The features I extracted using OpenBabel were the angles for the 2J couplings and the torsions for the 3J couplings. I also included the hybridization of the atoms coupled to the hydrogen atom.

As an extra feature engineering step, I included $\cos(\phi)$ and $\cos^{2}(\phi)$ following the Karplus equation.

Additional Features

There were additional features calculated by other members of Lacuna. These additional features include information about distances between atoms in the molecule and information about neighbor atoms of the coupled pair.

Results

The model and the features for the challenge achieved a score of -0.848 on Kaggle. This score was one of the top-100 scores in the initial week of the competition.

How to Run

First, make sure that you have conda installed and install the project.

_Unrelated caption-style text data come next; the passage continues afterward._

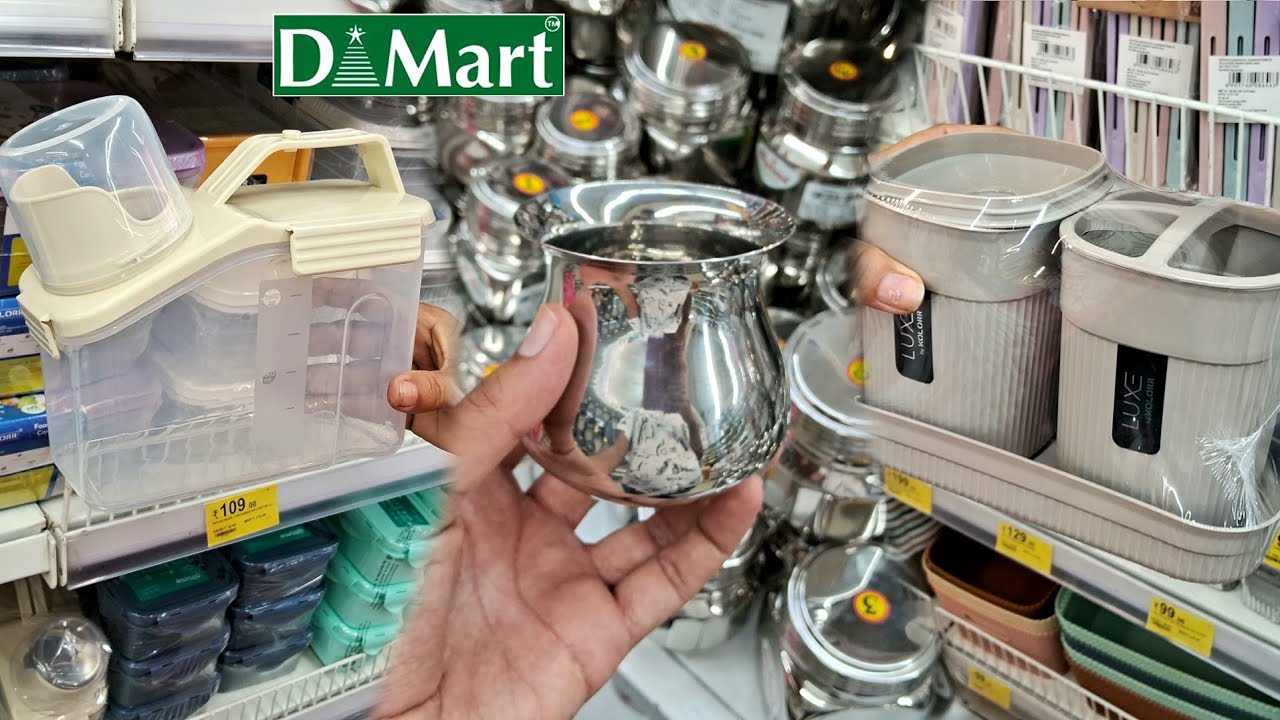 D MART All Latest kitchen products ! 🤩 STEELWARE / *ONLINE AVAILABLE* | dmart kitchen products
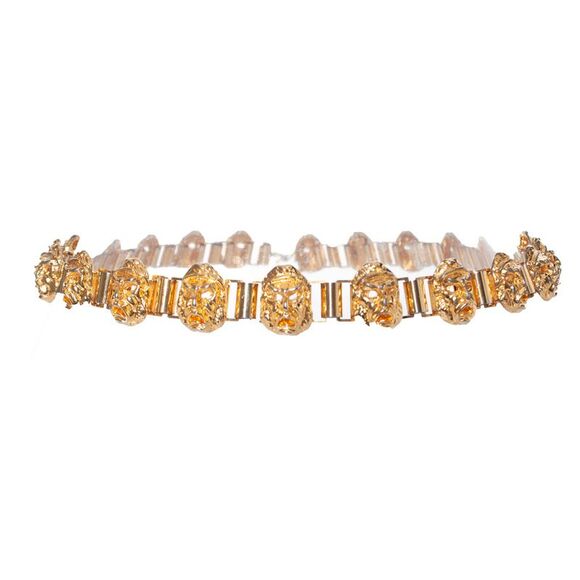 Gianni Versace Gold colored chain theatre belt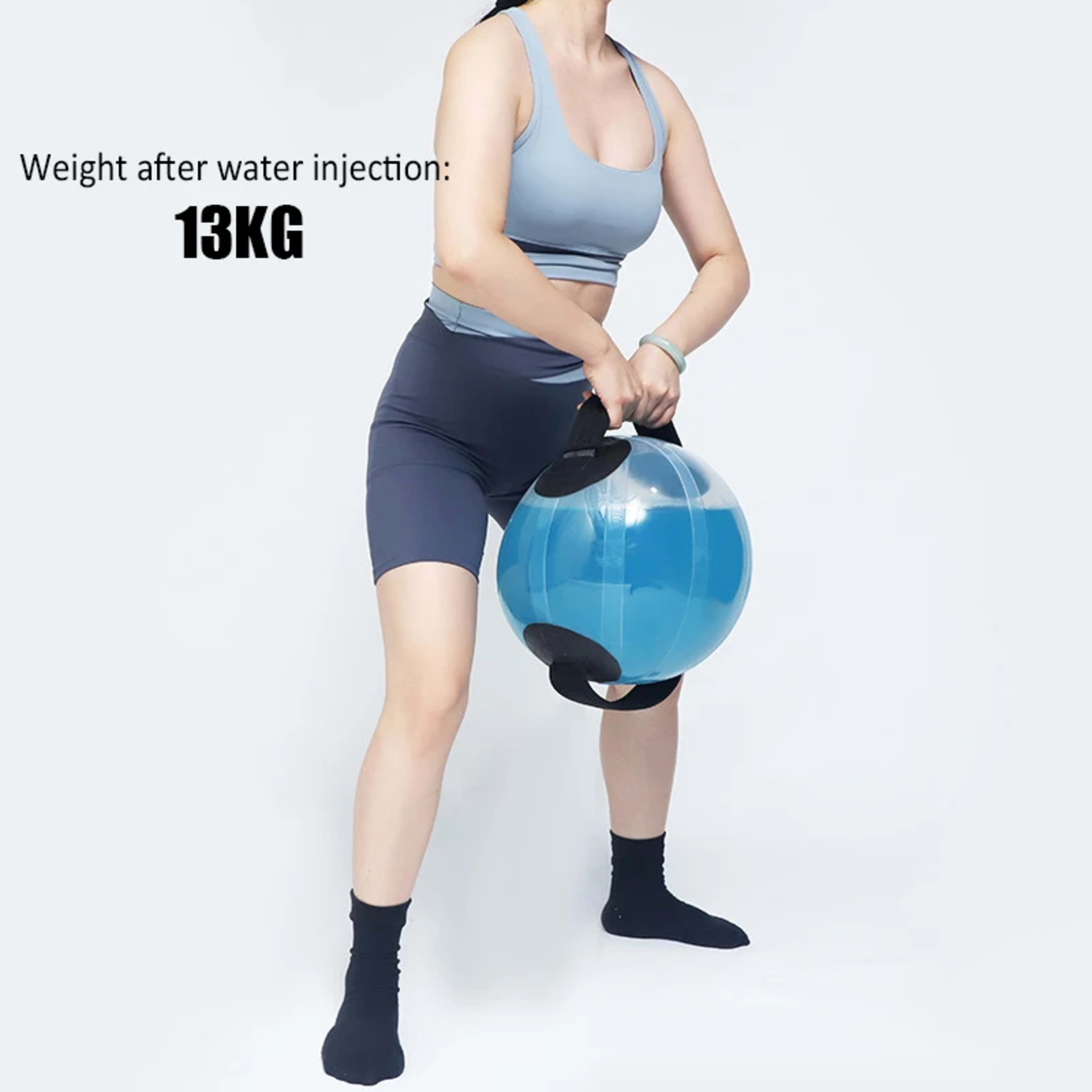 Water Filled Exercise Ball Fitness Aqua Ball Weightlifting Hydration Bag Kettle Dumbbells Home Gym Equipment Strength Tr 8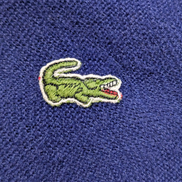 Gilet acrylique Izod Lacoste USA Bleu Vintage M Manches Retroussables | 536WSR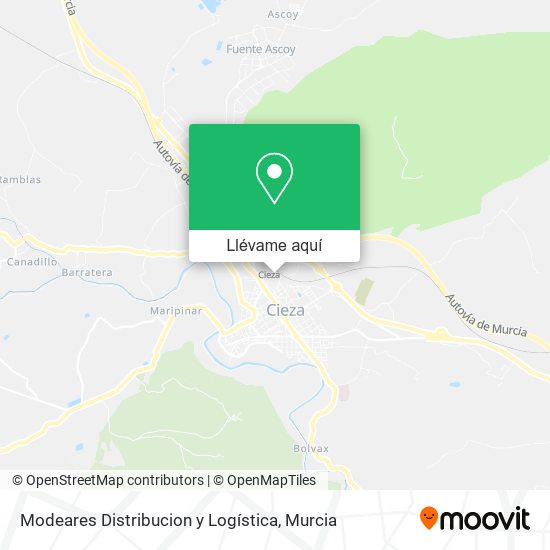 Mapa Modeares Distribucion y Logística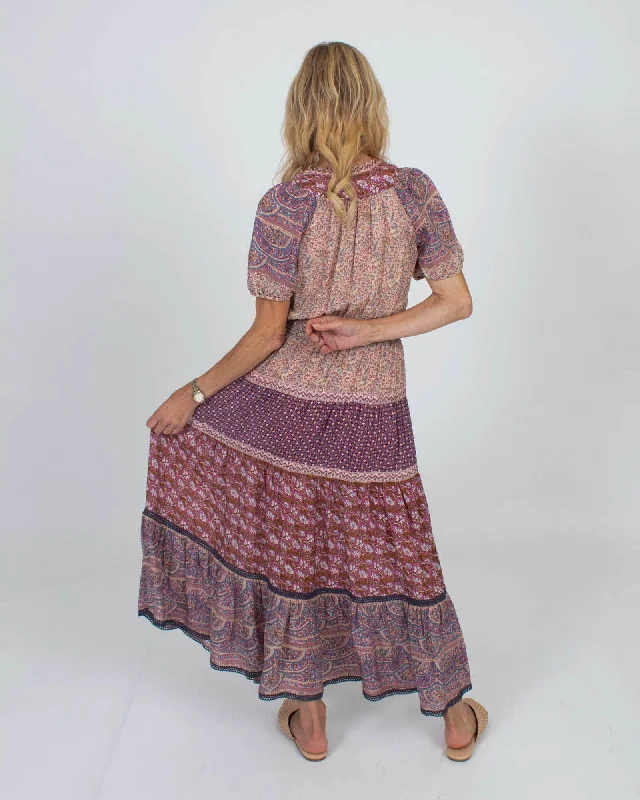 Multicolor Patchwork Dress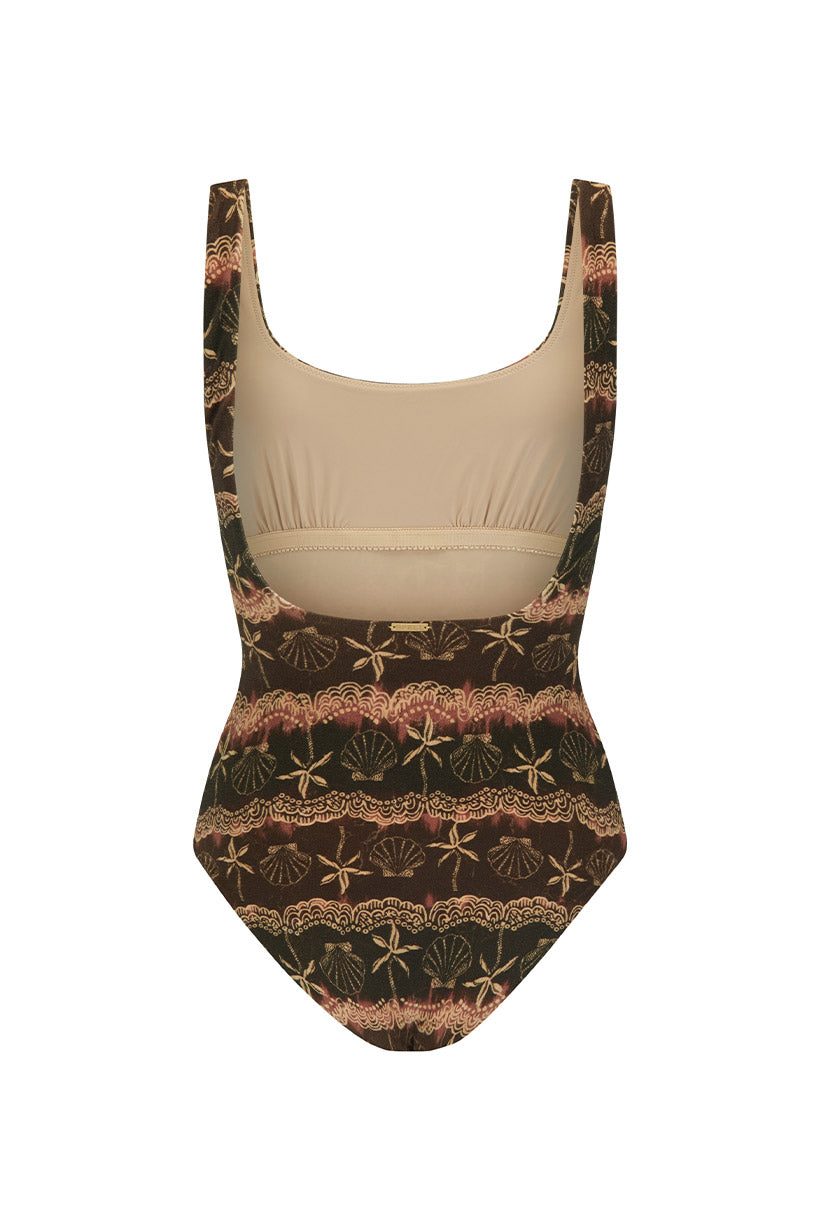 Elysian Collective Spell Mermaid Cove One Piece Espresso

conda create -n MagneticInteractionsChallenge
pip install -e 'git+https://github.com/cmpatino/MagneticInteractionsChallenge.git#egg=magnetic_interactions'

The file data_utils.py has all the functions necessary to merge all the features and generate the datasets to fit the 8 models.

The file ob_utils.py has all the functions used to generate features using the open_babel library.

The process of creating the dataset is and fitting the models is condensed in the Final Model.ipynb Jupyter Notebook.